Hanging out in your gut

But the menace remains. The stark fact is that colorectal [colon and rectum] cancer is the third leading cause of cancer on Guam.

Given what doctors now know about what causes this form of cancer, it is not surprising that Guam is fertile territory. Top items on the chart include poor diet and/or obesity and a family or personal history of smoking or alcohol abuse. Both men and women over 50 would be well-advised to undergo routine screening, which is what the social work students and various public health officials were busy lining up on this Sunday.

Normally, touring these innards is a tough ticket. Doctors, increasingly aware of the dimensions of this problem, increasingly scan younger as well as older patients by various means. The most familiar is a routine stool examination, an unrelished part of many doctor visits. Then, there is an external exam in the physician’s office. And finally, putting the ‘invasive’ in the invasive procedure is the colonoscopy, in which a flexible tube tipped with a light and camera for a truly first-hand look at the matter.

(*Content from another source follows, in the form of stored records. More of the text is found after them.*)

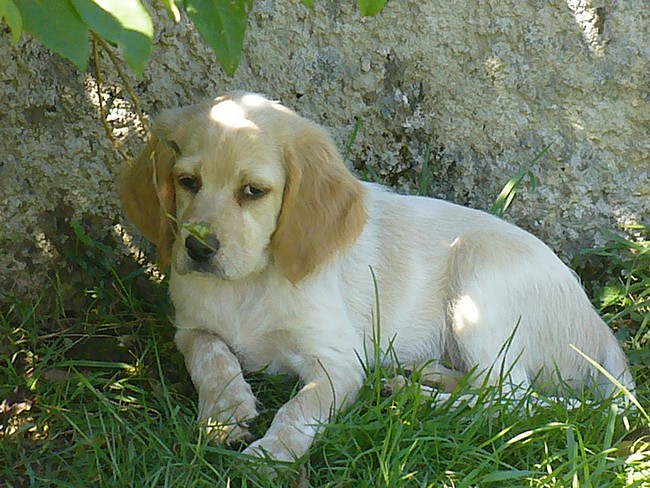Dernières photos des chiots d'elfy et d'ussan du mas d'eyraud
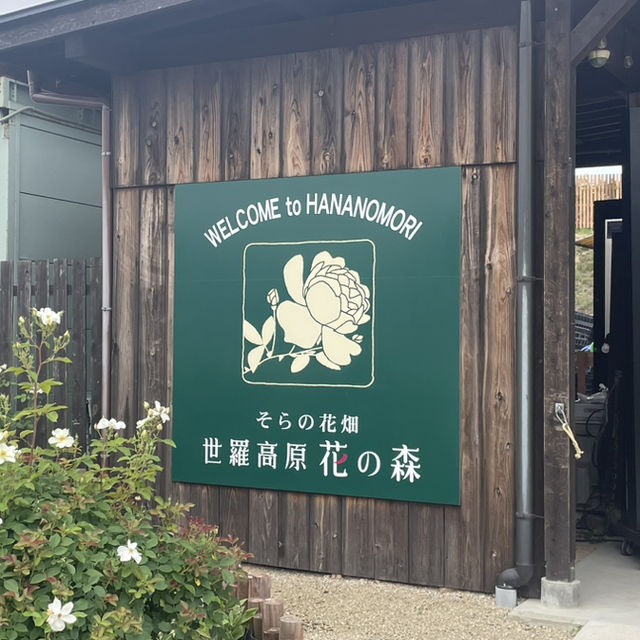 【広島県】世羅高原 花の森！イングリッシュローズ🌹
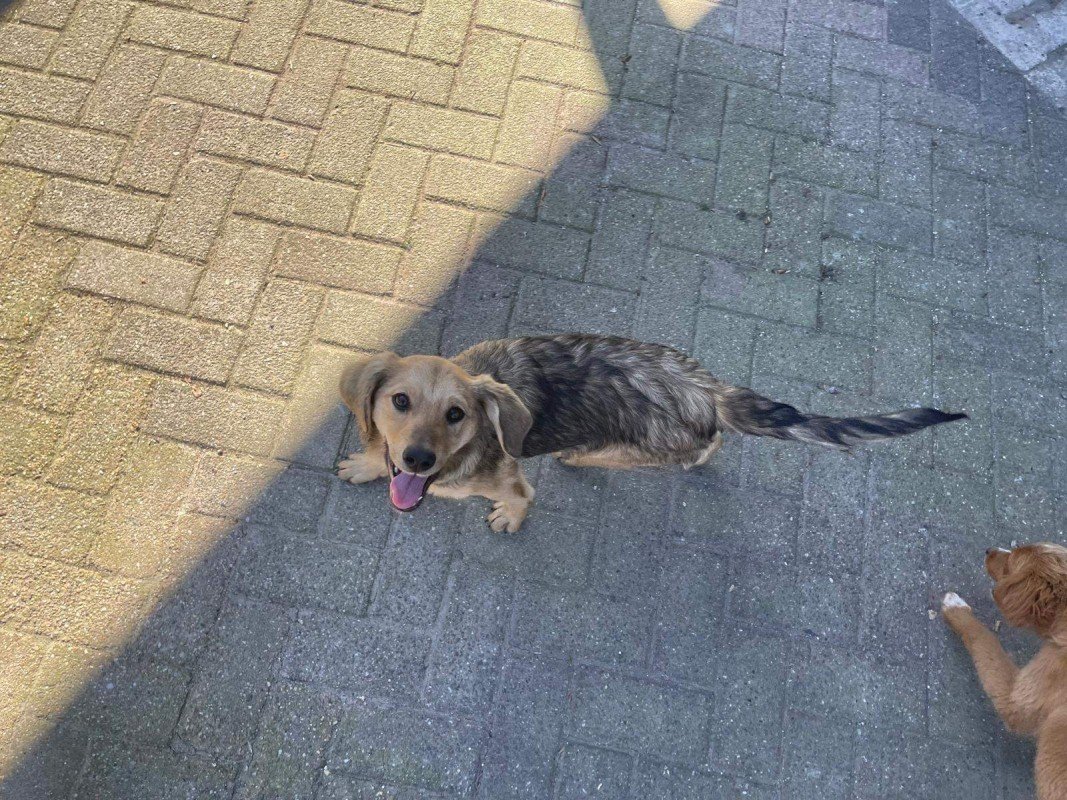 Zoi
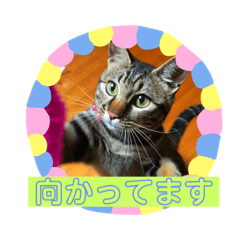 RIN_20181024130111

What’s being sought is polyps that develop inside the colon and other indicators of serious diseases of the colon such as Crohn’s Disease which increases cancer risk.

The problem is that polyps can take ten years or more to develop and become cancerous, though they can be harmlessly removed on earlier detection. The problem is that the relative inattention paid to this organ and perhaps the embarrassment related to its detection has prompted the social work community and the sponsoring UOG Cancer Research Center to view public reluctance to be screened as a problem and likely a life threatening one. Hence, the giant kidney, which will be the centerpiece of community campaigns to come.

When it’s deflated this colon will not kill anyone, but if viewers pay attention, it may save a lot of lives. I know my late mother would heartily endorse the early detection theme. Colon cancer took her out far too early and her son—veteran of two colonoscopies—has no intention of joining that unfortunate family medical history.